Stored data

::::::::::

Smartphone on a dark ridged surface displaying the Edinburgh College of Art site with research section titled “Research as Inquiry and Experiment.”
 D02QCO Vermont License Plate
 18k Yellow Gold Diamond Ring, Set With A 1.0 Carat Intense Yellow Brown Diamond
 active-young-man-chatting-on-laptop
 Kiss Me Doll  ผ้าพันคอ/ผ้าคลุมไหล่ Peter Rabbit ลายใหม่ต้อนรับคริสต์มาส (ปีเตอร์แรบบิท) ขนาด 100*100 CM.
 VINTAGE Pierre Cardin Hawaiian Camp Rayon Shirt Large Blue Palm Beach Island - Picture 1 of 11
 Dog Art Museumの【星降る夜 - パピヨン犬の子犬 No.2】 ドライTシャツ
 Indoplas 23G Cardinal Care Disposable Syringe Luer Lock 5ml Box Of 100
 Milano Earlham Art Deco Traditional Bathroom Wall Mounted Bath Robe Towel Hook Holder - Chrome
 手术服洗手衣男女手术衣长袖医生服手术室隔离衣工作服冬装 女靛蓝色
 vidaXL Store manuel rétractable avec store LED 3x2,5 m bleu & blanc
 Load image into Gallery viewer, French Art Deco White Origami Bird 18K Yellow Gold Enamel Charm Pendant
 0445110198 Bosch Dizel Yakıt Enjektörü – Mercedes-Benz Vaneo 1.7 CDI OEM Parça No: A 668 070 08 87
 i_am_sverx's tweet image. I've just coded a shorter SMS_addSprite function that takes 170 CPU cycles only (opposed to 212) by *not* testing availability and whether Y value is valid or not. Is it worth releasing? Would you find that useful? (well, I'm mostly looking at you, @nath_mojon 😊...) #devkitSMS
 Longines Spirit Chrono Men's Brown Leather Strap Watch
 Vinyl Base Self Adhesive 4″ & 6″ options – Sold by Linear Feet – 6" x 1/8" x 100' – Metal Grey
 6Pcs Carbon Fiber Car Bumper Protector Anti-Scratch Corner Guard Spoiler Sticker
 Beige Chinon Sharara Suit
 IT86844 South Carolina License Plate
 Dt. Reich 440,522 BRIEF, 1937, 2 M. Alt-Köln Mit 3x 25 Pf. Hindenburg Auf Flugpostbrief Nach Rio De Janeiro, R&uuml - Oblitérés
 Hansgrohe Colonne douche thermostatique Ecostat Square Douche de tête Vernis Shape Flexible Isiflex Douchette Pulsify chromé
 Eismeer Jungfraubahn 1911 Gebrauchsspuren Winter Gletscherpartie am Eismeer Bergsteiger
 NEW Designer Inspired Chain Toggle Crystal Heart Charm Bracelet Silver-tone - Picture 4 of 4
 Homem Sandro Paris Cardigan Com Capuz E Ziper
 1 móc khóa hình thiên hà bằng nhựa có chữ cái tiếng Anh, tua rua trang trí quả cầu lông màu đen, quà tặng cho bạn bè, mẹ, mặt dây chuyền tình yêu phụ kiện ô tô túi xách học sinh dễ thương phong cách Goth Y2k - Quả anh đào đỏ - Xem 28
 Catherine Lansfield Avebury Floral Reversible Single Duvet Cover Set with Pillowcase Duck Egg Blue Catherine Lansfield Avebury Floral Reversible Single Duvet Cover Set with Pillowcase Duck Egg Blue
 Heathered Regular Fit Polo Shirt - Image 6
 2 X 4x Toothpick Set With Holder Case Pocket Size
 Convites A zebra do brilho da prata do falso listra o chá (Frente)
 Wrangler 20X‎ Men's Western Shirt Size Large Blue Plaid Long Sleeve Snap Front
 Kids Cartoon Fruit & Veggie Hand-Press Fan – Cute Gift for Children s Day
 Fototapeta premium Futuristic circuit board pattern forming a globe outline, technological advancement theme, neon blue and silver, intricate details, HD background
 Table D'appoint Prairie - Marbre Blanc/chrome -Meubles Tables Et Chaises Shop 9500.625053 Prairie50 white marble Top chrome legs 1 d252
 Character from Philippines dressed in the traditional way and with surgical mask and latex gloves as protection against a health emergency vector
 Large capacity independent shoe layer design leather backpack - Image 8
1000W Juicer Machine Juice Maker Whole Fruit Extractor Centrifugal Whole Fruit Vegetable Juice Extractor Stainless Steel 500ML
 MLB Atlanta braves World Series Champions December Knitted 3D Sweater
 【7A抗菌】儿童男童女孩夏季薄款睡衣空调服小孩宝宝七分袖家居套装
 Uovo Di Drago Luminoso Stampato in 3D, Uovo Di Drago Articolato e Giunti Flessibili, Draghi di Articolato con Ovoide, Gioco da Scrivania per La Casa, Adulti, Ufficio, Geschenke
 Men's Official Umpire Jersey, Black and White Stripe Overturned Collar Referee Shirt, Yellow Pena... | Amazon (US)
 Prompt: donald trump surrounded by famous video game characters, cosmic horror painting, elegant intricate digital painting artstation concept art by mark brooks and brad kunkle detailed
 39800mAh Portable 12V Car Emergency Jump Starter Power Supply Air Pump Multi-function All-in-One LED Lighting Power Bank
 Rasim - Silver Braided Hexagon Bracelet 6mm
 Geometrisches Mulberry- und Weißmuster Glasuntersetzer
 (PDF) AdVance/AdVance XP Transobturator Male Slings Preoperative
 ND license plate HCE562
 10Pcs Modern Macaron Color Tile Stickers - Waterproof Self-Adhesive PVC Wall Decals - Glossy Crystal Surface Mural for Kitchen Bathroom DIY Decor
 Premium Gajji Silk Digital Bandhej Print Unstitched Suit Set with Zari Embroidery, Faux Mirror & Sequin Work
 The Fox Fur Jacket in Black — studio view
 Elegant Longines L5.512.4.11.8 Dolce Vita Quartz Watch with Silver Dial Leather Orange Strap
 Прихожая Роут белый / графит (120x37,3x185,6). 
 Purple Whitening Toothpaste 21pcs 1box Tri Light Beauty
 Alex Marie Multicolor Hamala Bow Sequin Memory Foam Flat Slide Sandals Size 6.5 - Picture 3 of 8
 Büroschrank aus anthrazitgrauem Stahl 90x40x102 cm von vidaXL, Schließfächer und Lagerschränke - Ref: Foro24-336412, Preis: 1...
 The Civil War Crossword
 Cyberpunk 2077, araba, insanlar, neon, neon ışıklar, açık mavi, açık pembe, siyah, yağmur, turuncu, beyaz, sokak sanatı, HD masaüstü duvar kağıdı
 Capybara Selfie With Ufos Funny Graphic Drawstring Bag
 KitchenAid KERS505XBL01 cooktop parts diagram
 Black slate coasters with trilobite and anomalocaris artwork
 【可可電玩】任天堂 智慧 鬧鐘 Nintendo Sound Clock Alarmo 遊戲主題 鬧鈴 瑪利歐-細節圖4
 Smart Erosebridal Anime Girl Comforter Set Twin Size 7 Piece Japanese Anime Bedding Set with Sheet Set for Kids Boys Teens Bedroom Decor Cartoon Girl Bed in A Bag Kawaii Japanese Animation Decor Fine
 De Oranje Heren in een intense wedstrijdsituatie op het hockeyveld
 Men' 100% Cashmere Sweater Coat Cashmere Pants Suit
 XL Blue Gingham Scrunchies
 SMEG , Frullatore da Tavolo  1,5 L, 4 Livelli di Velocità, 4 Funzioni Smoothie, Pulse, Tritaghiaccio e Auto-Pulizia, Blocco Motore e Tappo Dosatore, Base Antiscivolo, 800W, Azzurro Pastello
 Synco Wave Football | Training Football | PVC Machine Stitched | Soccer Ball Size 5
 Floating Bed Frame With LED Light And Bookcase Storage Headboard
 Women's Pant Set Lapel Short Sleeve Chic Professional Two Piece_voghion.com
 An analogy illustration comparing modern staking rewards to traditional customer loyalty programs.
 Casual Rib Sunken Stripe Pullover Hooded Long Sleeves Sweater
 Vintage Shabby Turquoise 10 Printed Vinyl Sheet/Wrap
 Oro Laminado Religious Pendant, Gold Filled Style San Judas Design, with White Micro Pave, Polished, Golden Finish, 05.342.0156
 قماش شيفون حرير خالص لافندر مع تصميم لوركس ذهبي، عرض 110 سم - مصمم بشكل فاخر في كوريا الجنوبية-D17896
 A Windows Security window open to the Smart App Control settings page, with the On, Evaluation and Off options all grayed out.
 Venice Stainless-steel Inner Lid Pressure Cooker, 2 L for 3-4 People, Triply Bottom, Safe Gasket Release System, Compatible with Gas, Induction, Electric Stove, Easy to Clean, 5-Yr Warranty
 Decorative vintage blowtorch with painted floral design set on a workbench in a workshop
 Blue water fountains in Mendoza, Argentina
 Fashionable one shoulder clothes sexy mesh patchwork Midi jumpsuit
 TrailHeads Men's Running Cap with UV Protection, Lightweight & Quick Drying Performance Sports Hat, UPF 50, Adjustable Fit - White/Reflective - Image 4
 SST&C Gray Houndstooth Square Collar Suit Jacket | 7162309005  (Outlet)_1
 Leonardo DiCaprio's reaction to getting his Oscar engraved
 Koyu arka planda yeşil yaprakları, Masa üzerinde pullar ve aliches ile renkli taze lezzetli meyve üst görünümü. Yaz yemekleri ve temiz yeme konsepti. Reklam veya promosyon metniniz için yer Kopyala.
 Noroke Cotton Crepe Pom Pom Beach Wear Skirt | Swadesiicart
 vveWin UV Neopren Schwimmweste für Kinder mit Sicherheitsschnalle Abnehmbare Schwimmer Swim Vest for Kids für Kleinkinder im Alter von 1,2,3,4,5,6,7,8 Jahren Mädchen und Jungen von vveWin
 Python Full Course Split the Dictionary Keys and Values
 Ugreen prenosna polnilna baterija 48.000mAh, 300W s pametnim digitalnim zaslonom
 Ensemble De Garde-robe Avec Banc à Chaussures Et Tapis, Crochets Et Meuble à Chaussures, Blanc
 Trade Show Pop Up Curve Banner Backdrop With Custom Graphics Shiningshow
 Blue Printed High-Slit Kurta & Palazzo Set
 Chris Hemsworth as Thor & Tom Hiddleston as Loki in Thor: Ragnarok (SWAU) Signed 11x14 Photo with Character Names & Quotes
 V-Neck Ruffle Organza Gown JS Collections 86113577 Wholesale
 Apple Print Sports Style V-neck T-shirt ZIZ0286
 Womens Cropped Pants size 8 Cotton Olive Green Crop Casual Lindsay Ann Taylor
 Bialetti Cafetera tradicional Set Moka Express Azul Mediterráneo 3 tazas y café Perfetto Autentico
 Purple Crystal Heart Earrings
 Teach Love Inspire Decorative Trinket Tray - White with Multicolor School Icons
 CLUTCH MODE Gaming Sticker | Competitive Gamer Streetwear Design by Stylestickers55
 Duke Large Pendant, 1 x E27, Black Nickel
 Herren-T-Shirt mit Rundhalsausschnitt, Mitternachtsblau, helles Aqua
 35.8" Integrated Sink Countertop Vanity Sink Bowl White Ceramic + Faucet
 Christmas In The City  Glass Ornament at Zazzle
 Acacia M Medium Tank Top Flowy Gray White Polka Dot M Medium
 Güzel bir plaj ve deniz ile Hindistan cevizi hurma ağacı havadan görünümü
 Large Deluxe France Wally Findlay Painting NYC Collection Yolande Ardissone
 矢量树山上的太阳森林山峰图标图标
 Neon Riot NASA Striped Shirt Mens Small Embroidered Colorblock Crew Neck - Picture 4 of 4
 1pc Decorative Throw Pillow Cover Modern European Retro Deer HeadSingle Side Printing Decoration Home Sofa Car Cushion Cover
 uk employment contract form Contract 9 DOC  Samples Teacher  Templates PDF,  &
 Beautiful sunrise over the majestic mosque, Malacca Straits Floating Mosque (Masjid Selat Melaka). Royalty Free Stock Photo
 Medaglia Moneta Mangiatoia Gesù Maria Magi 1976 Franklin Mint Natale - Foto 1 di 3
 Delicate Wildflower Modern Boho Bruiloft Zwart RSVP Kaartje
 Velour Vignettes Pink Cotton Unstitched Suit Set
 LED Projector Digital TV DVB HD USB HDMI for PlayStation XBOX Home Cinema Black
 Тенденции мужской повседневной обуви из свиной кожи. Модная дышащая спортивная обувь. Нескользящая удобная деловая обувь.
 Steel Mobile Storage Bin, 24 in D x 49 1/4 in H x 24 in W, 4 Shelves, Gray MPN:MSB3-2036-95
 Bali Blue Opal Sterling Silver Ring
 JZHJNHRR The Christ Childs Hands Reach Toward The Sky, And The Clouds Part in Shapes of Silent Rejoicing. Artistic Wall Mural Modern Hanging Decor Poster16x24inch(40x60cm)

::::::::::

_YOUR INSTRUCTIONS_. The answer must hold only the lines from the first line of the data through the line bearing "active-young-man-chatting-on-laptop", returned exactly.

_TASK ANSWER_.
Smartphone on a dark ridged surface displaying the Edinburgh College of Art site with research section titled “Research as Inquiry and Experiment.”
 D02QCO Vermont License Plate
 18k Yellow Gold Diamond Ring, Set With A 1.0 Carat Intense Yellow Brown Diamond
 active-young-man-chatting-on-laptop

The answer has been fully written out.